Rosenberger v. Rector & Visitors of the Univ. of Va. - 515 U.S. 819, 115 S. Ct. 2510 (1995)


A State may not exercise viewpoint discrimination, even when the limited public forum is one of its own creation. The necessities of confining a forum to the limited and legitimate purposes for which it was created may justify a State in reserving it for certain groups or for the discussion of certain topics. Once it has opened a limited forum, however, a State must respect the lawful boundaries it has itself set. A State may not exclude speech where its distinction is not reasonable in light of the purpose served by the forum, nor may it discriminate against speech on the basis of its viewpoint.


Respondent University of Virginia, a state instrumentality, authorized payments from its Student Activities Fund (SAF) to outside contractors for the printing costs of a variety of publications issued by student groups called "Contracted Independent Organizations" (CIO's). The SAF received its money from mandatory student fees and was designed to support a broad range of extracurricular student activities related to the University's educational purpose. CIO's were required to include in their dealings with third parties and in all written materials a disclaimer stating that they were independent of the University and that the University was not responsible for them. The University withheld authorization for payments to a printer on behalf of CIO operated by petitioner Ronald W. Rosenberger and others named Wide Awake Productions (WAP), solely because its student newspaper, Wide Awake: A Christian Perspective at the University of Virginia, primarily promoted or manifested a particular belief in or about a deity or an ultimate reality, as prohibited by the University's SAF Guidelines. Petitioners filed a action in federal district court under 42 U.S.C.S. § 1983, alleging that the refusal to authorize payment violated their First Amendment right to freedom of speech. After the district court granted summary judgment for the University, the United States Court of Appeals for the Fourth Circuit affirmed, holding that the University's invocation of viewpoint discrimination to deny third-party payment violated the Speech Clause, but concluding that the discrimination was justified by the necessity of complying with the Establishment Clause.


Did the University's refusal to authorize payment to a third-party contractor for the printing costs of Rosenberger's student publication violate the latter's First Amendment right to freedom of speech?

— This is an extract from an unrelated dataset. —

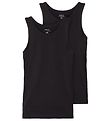 Name It Undershirt - Noos - NkmTank - 2-Pack - Black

The Supreme Court of the United States held that Rosenberger and others sought funding as a student journal, an enterprise supported by the SAF. Additionally, the Court held that their disbursement request was for payment to a private contractor for the printing costs of materials that were protected under the First Amendment. Thus, the Court reversed the grant of summary judgment in favor of the University because its Establishment Clause concern did not warrant denying payment to the third-party contractor.